Pandemi süreci başlamadan evvel Rahip Bruson krizi esnasında yaşamış olduğumuz ekonomik dar boğaz, pandemi sürecinin başlamasıyla birlikte büyük bir krize doğru evirilmiştir. Kapatılan ticarethaneler kredi ödeme zorluğu çekmiş, küçük esnafın kepenkleri kapatılmış, sağlık sistemi çökme noktasına kadar gelmiş ve nihayet küçük bazı toparlamalar ve düzenlemeler yapmak gerekmiştir.
Özellikle esnafı koruma amaçlı yapılan yardımlar maalesef ki büyük bir bütçe açığına sebebiyet vererek ülkemizi çıkmaz yollara sokmuştur. Devamında yaşanan Elazığ ve İzmir depremleri de büyük kayıplara sebebiyet vermiştir.
Rusya’nın Ukrayna’ya girmesi, Arap Baharının hâlâ bir şekilde devam etmesi, Yemen’de yaşanan savaş ve en büyük sorunlarımızdan biri olan mülteci akını mevzuları da ülkemizi hem politik hem ekonomik hem de sosyolojik olarak bir cendere içerisine atmıştır.
Son olarak yaşanan Maraş depremi 11 ilde büyük yıkımlara sebebiyet vermiştir. Hatta Cumhurbaşkanlığı tarafından açıklanan resmi maliyet 104 milyar dolar dolaylarındadır.
Bu gibi durumların içerisinden çıkabilmek çok büyük bir psikoloji gerektirmektedir. Hatta sadece psikolojiyle çözülebilecek gibi değil, aynı zamanda sağlam bir ekonomi temeli gerektirmektedir. Birkaç yazıdır bahsetmeye çalıştığım şeyin bu olduğunu iyi kavramak gerekiyor. Güçlü bir ekonomi asgari bir yaşam seviyesinden ziyade zengin bir halkı ve onu zenginleştirecek olan devleti ifade etmektedir. Nitekim devletler halklarının zenginliğiyle güçlenerek rakiplerini alt etme konusunda başarıya ulaşabilirler.

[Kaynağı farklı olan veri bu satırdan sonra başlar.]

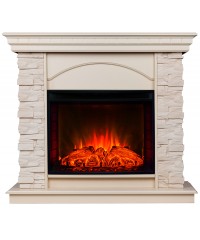 Каминокомплект Элфорд 25.5 (портал Elford WT + очаг Sparta / Evrika 25.5 LED)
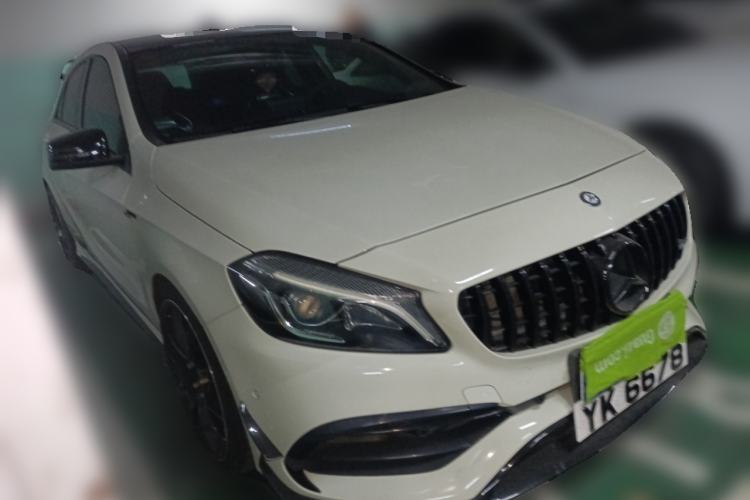 Used Mercedes-Benz A AMG 2016 AMG A 45 4MATIC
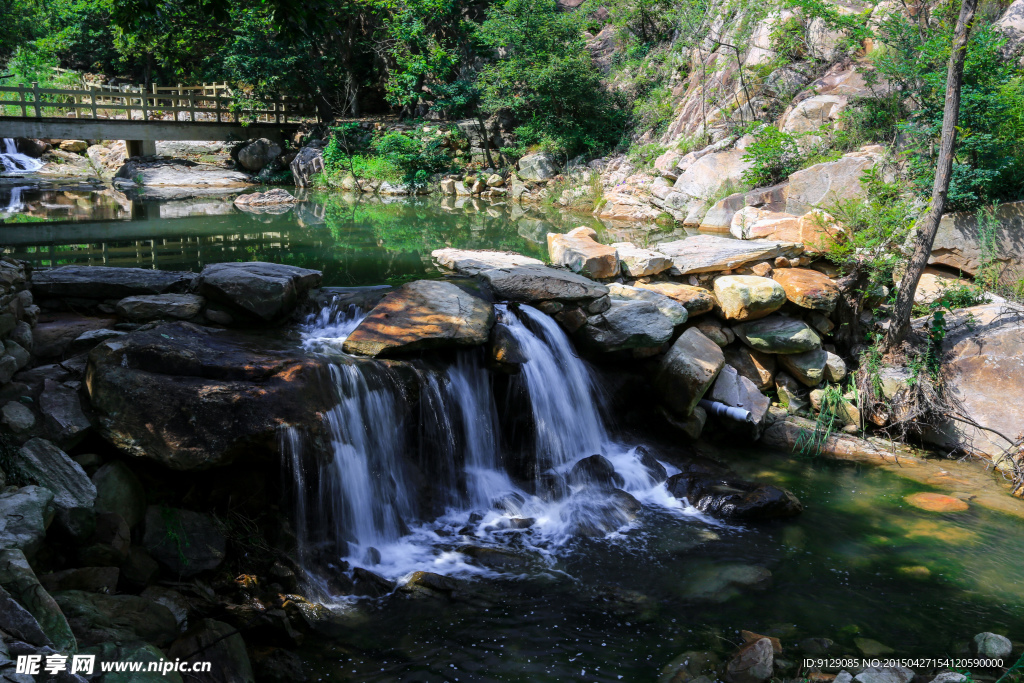 孔雀沟风景区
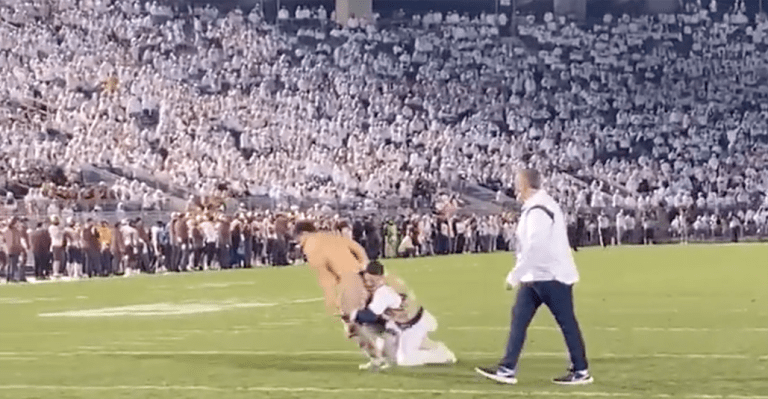 Penn State Streaker Will get Crushed By Photographer Who Laid A Substantial Hit – uBetMobile.com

Devletlerin enflasyonla mücadele serüvenini iyi takip etmek gerekir. Enflasyonu düşürme durumu ilk olarak kamu harcamalarında gidilecek kemer sıkma politikasıyla başlamaktadır. Fakat biz enflasyon ile mücadelemizde henüz doğru dürüst bir kemer sıkma politikasıyla karşı karşıya kalmadığımız gibi, memur zamları, erken emeklilik gibi sorunlarla baş etmeye çalışıyoruz. Haybeye… Sürekli para dağıtılarak hazineyi geliştirebilmek ancak bir hayal olabilir. Bu arttırma halka zulüm olarak da tecelli etmemelidir.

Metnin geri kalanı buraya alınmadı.